LISTED RECORDS section start

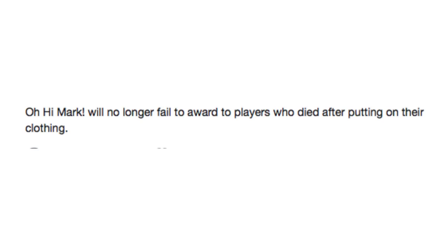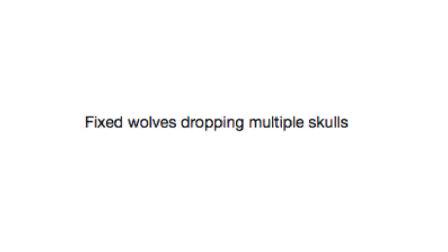Oh, Highmark will no longer fail to award to players who died after putting on their clothing. Yay! Fixed wolves dropping multiple skulls. What if they were Cerberus Wolves? What about that game? Also, why would you kill Cerberus? It's precious.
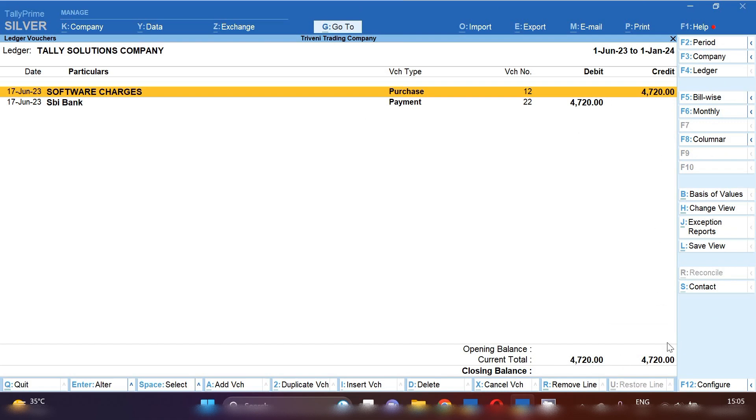So here ledger is nil. So this is how you can also update it. And you can also enter invoice for software updation charges in Tally Prime. Thank you.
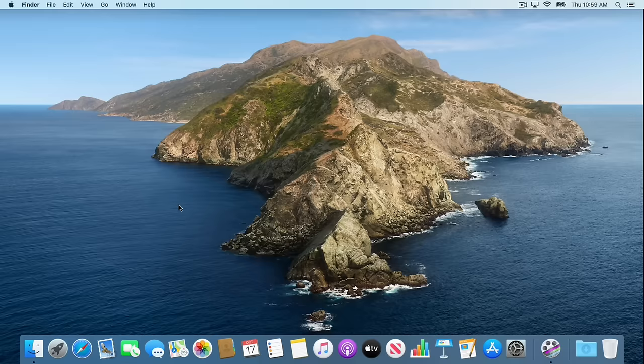Hello everyone, I'm Anson Alexander and welcome to my updated guide to switching from PC to Mac. This is going to serve as a beginner tutorial for new Mac users. I'm going to frame things from the perspective of a PC user, but you should find this tutorial helpful even if this is the first time you've ever used a computer.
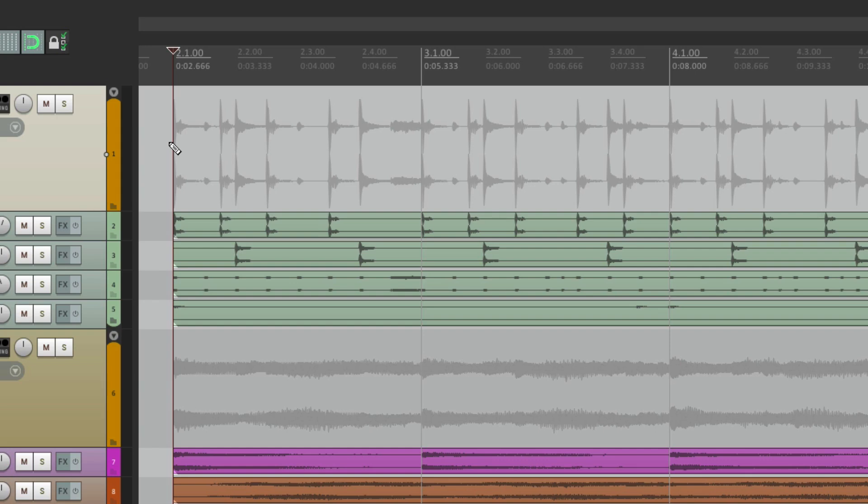So that's pretty much it. That's stopping playback at the stop point in Reaper. I hope you learned something, I hope you can use it, and I'll see you next time. Thanks.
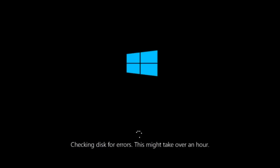The third method will involve us going back into the troubleshooting menu.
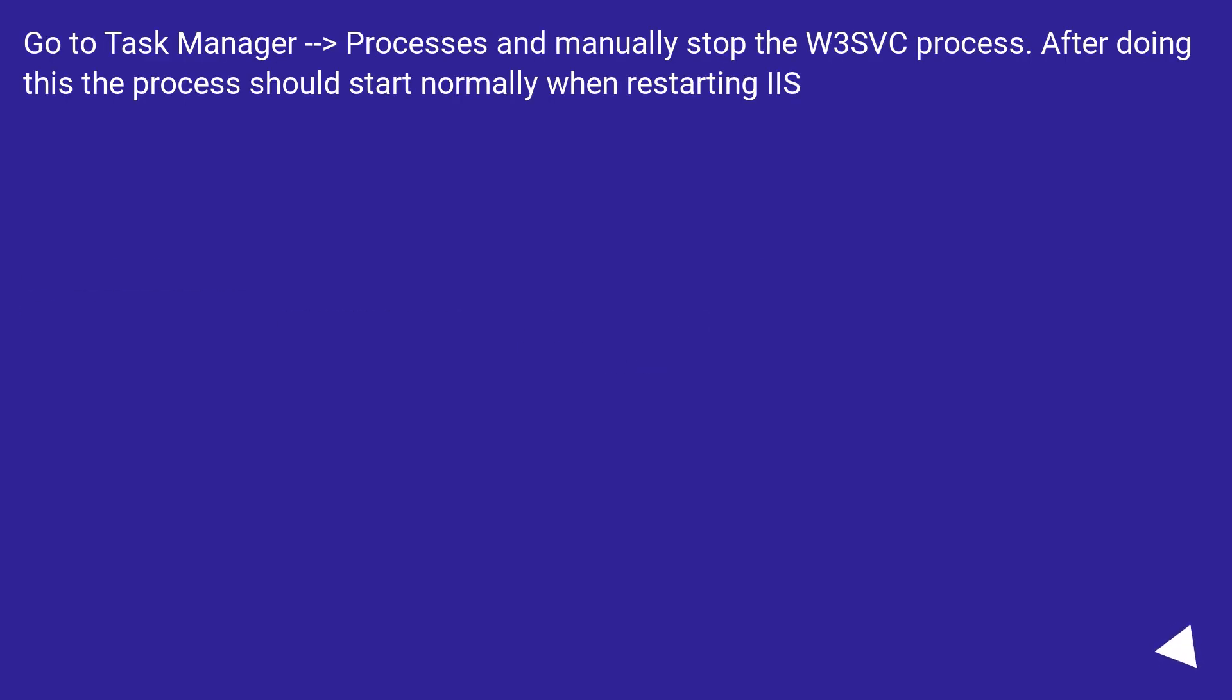Go to Task Manager, Processes and manually stop the W3SVC process. After doing this, the process should start normally when restarting IIS.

LISTED RECORDS section end

# WORK TASK
The records above must be output exactly, except for the pictures.

# THE COMPLETED TASK
Oh, Highmark will no longer fail to award to players who died after putting on their clothing. Yay! Fixed wolves dropping multiple skulls. What if they were Cerberus Wolves? What about that game? Also, why would you kill Cerberus? It's precious.
So here ledger is nil. So this is how you can also update it. And you can also enter invoice for software updation charges in Tally Prime. Thank you.
Hello everyone, I'm Anson Alexander and welcome to my updated guide to switching from PC to Mac. This is going to serve as a beginner tutorial for new Mac users. I'm going to frame things from the perspective of a PC user, but you should find this tutorial helpful even if this is the first time you've ever used a computer.
So that's pretty much it. That's stopping playback at the stop point in Reaper. I hope you learned something, I hope you can use it, and I'll see you next time. Thanks.
The third method will involve us going back into the troubleshooting menu.
Go to Task Manager, Processes and manually stop the W3SVC process. After doing this, the process should start normally when restarting IIS.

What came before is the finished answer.